Read in the ities.csv datafile as a dataframe object, df.
# Read the CSV file into a data frame named df
df <- read.csv("ities.csv")
(2 points) Display the count of rows and columns in the dataframe using an appropriate R function. Below the output, identify the count of rows and the count of columns.
# Get the number of rows
num_rows <- nrow(df)
# Print the number of rows
cat("Number of rows:", num_rows, "\n")
## Number of rows: 438128
# Get the number of columns
num_columns <- ncol(df)
# Print the number of columns
cat("Number of columns:", num_columns, "\n")
## Number of columns: 13
# Print the summary statement
cat("This dataframe has", num_rows, "rows and", num_columns, "columns.\n")
## This dataframe has 438128 rows and 13 columns.
(3 points) Use the appropriate R function to display the structure (i.e., number of rows, columns, column names, column data type, some values from each column) of the dataframe, df.
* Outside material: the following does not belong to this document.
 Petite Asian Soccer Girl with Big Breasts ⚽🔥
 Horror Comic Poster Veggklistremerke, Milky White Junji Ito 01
Below the output, briefly summarize two main points about the dataframe structure.
# Display the structure of the data frame
str(df)
## 'data.frame': 438128 obs. of 13 variables:
## $ Date : chr "7/18/2016" "7/18/2016" "7/18/2016" "7/18/2016" ...
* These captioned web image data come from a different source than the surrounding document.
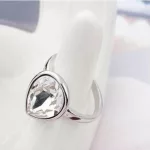 Vízcsepp kristály gyűrű, Kristály, Swarovski köves, 7,25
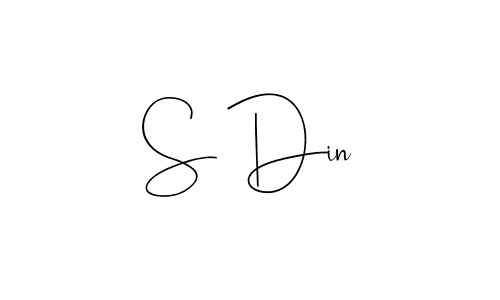 Make a beautiful signature design for name S Din. With this signature (Andilay-7BmLP) style, you can create a handwritten signature for free. S Din signature style 4 images and pictures png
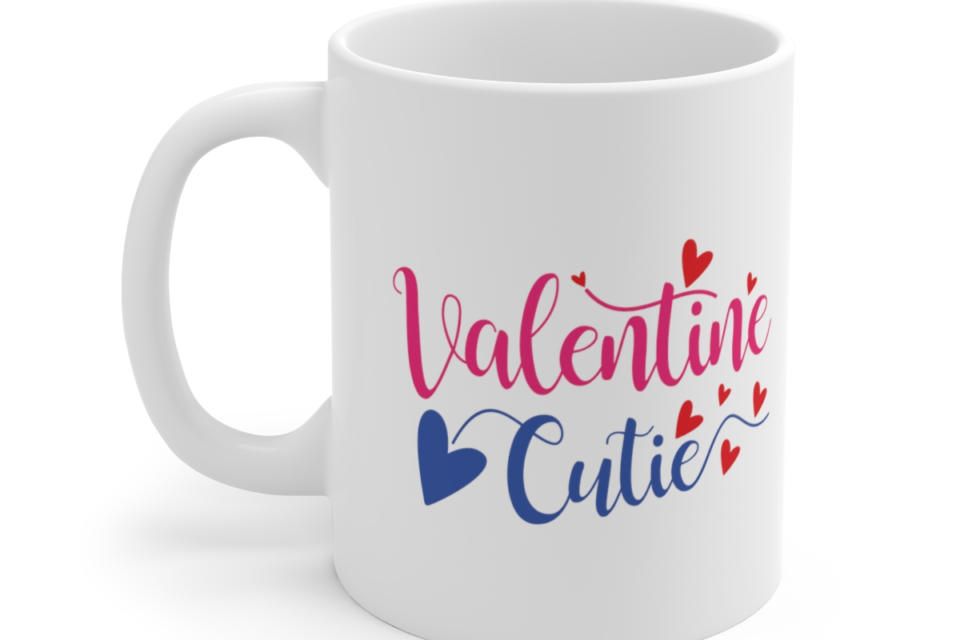Valentine Cutie – White 11oz Ceramic Coffee Mug 2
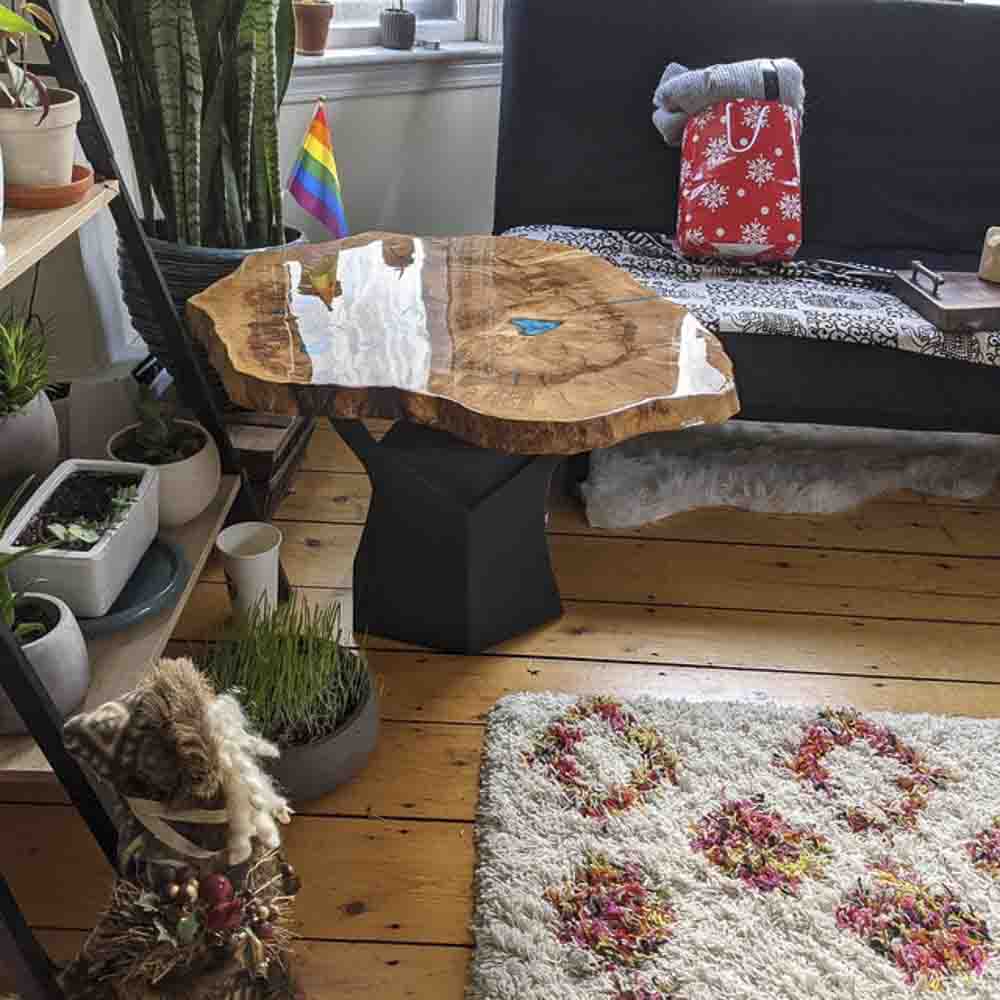 Coffee Table Base 106B Namu 16" H Mid-Century Style for DIY Projects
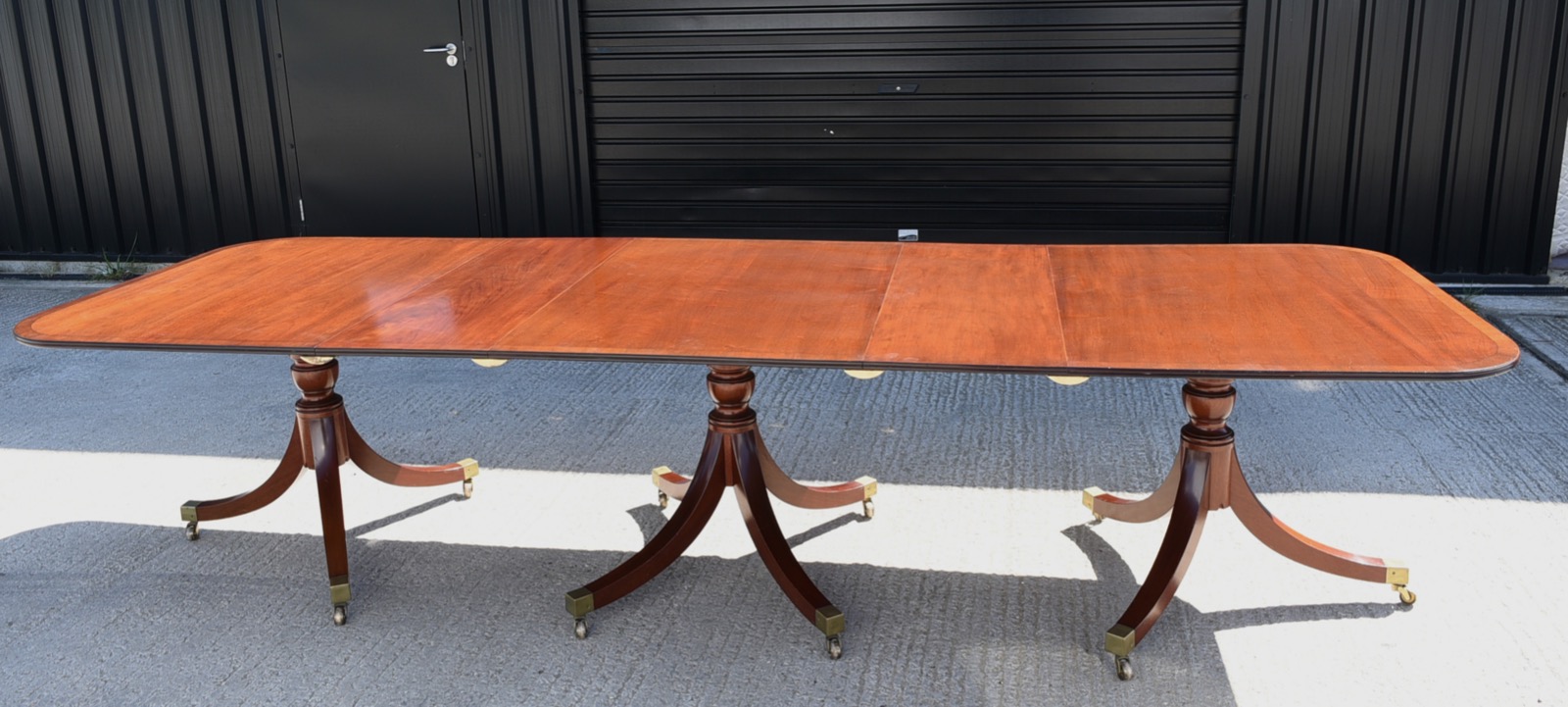 Regency Style Three Pillar Dining Table Seats 14 C.1920 (1 of 1) Regency Style Three Pillar Dining Table Seats 14 C.1920 (1 of 1)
## $ OperationType : chr "SALE" "SALE" "SALE" "SALE" ...
## $ CashierName : chr "Wallace Kuiper" "Wallace Kuiper" "Wallace Kuiper" "Wallace Kuiper" ...
## $ LineItem : chr "Salmon and Wheat Bran Salad" "Fountain Drink" "Beef and Squash Kabob" "Salmon and Wheat Bran Salad" ...
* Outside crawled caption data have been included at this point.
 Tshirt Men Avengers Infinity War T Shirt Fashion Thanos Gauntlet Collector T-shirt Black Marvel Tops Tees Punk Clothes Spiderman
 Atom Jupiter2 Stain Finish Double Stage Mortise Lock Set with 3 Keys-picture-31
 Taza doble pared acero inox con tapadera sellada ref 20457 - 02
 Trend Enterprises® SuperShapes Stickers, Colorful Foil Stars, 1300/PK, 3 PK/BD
## $ Department : chr "Entrees" "Beverage" "Kabobs" "Salad" ...
## $ Category : chr "Salmon and Wheat Bran Salad" "Fountain" "Beef" "general" ...
## $ RegisterName : chr "RT149" "RT149" "RT149" "RT149" ...
## $ StoreNumber : chr "AZ23501305" "AZ23501289" "AZ23501367" "AZ23501633" ...
## $ TransactionNumber: chr "002XIIC146121" "002XIIC146121" "00PG9FL135736" "00Z3B4R37335" ...
## $ CustomerCode : chr "CWM11331L8O" "CWM11331L8O" "CWM11331L8O" "CWM11331L8O" ...
## $ Price : num 66.22 2.88 12.02 18.43 18.43 ...
## $ Quantity : int 1 1 2 1 1 1 1 1 1 1 ...
## $ TotalDue : num 66.22 2.88 24.04 18.43 18.43 ...
(6 points) Is every transaction summarized in one row of the dataframe? Include a code chunk with code that will display some kind of evidence (e.g., number of rows and number of unique transaction numbers) to support your conclusion. Below the code chunk, clearly indicate how the output of your code supports your decision.
# The number of rows in the dataframe
num_rows <- nrow(df)
# The number of unique transaction numbers
num_unique_transactions <- length(unique(df$TransactionNumber))
# Print the results
cat("Number of rows in the dataframe:", num_rows, "\n")
## Number of rows in the dataframe: 438128
cat("Number of unique transaction numbers:", num_unique_transactions, "\n")
## Number of unique transaction numbers: 161053
(3 points) Display the summaries of the Price, Quantity and TotalDue columns. Below the output, provide a brief interpretation of the output for each column.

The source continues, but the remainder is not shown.